People still tend to start with the question “What platform are we going to use?” because, historically, it’s been a really important one. Back in the day, progress was slow and the costs of being wrong were astronomically high.

These days though, compared to some of the other decisions you need to make, platform choice is a relative doddle.

Why do I say this? Because the CMS market is commoditised, modern and highly competitive.

  • There are free/open source solutions that are as good as (or better than) anything you pay through the nose for
  • There’s a huge number of agencies who will compete with each other for your business and this keeps prices constantly low
  • The majority of features you could ever want from a content management system are now standardised and distributed across the marketplace. Anyone telling you otherwise is selling you something
  • As features increase; costs shrink. As costs shrink, the traditional organisational worries about sunk costs and having a product that’s wrong become less important

Indeed from a given list of modern, open source content management systems, you’d have to be going some to get a bad fit for 99% of organisations.

So having made a broad and eye-catching statement like that, let me now run through a brief list of actual interesting questions to ask about your CMS project.

1. What is my content strategy?

Back in the day, agencies would be asked by their customers “Will the section headings be editable by admins?” and then we’d go to quite a lot of trouble to make sure that the section headings were in fact editable by admins.

What agencies should have been doing instead was investigating why the section headings needed to be editable in the first place.

If you nail the content strategy – if you develop content and a structure that speaks to the requirements of your actual customers – then the need to make structural changes to your site should be, while not removed entirely, at least put on a slower and more predictable timetable.

2. Who is driving this project?

This is somewhat related to content strategy but deserves its own section. One of the reasons that a content strategy is needed is that the fundamental question “Who is the audience for this site?” can have multiple, arguably correct answers depending on who inside the organisation you ask.

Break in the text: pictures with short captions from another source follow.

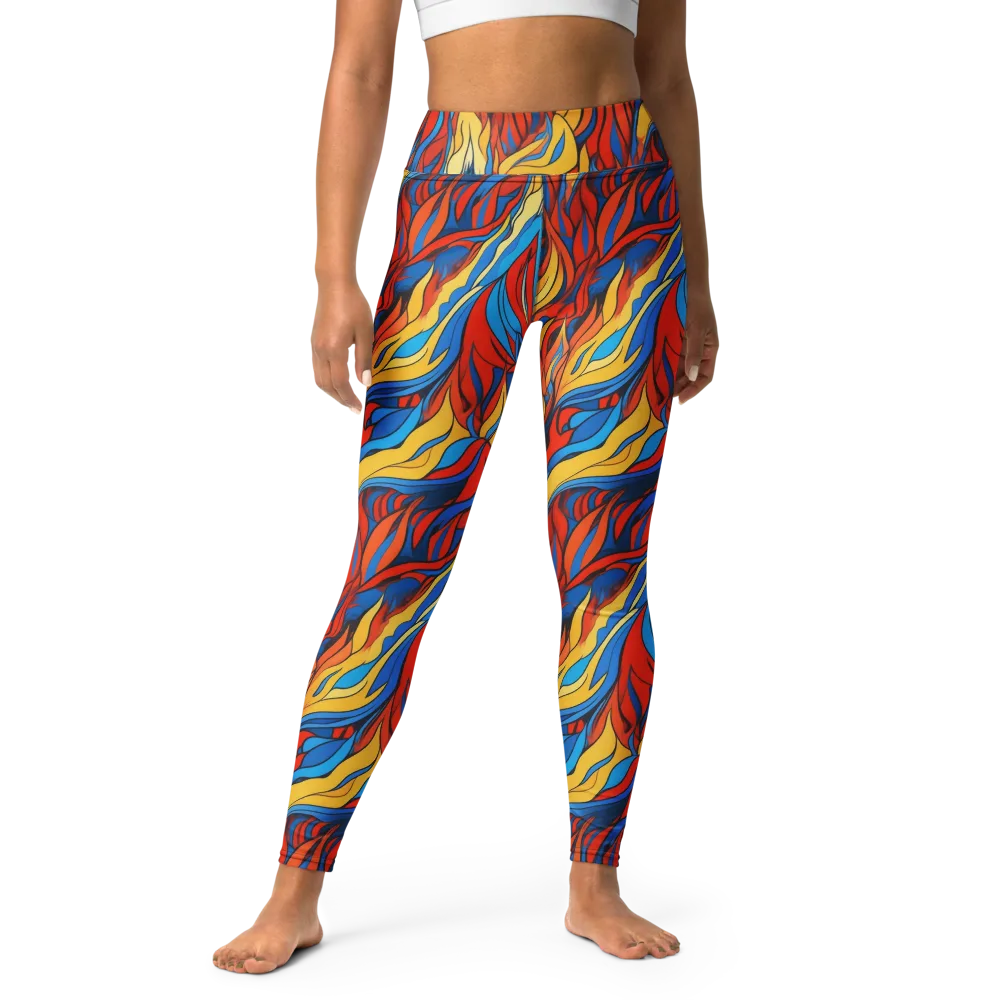 Ember Foliage on Yoga Leggings — Front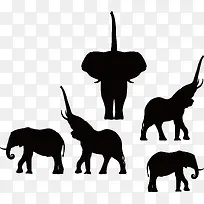 矢量古代图腾埃及大象动作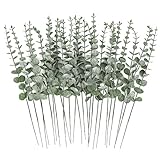 JPSOR 45pcs Eucalyptus Stems, Faux Eucalyptus Stems with Fake Leaves, Artificial Greenery Eucalyptus Stems for Wedding Bouquet Centerpiece for Table Decoration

And sometimes the reason that you have multiple answers to the question is because two (or more!) departments or individuals within the customer’s organisation have competing opinions about the fundamentals of the project: what it’s for, what the outcomes and priorities should be… etc.

Resolving these tensions can be difficult, even for members of the customer’s team. For employees of an outside agency the difficulty increases exponentially but, worst of all is when an attempt is made to solve a problem like this with the top down application of a technology choice. Drupal has many skills but senior management negotiation is not one of them.

3. Who are the audiences for this new CMS?

Is this a site made to make the company look attractive to customers? Or is this a site that is designed to make an internal task easier for the admins of the site? Or both? None of these answers are wrong but failing to ask the question can result in tens of thousands of pounds being spent on something of little demonstrable value to the customer.

So in summary then…

Asking the above questions is a far better use of your time in the run up to starting a project than asking questions about Wagtail vs WordPress.

You can take this one step further and use the same approach in selecting an agency: When you first engage with them, do they talk about the platform and technology choice or about how they’re going to help you increase your reach, or implement a content strategy? Or how they’ll help affect change within your organisation?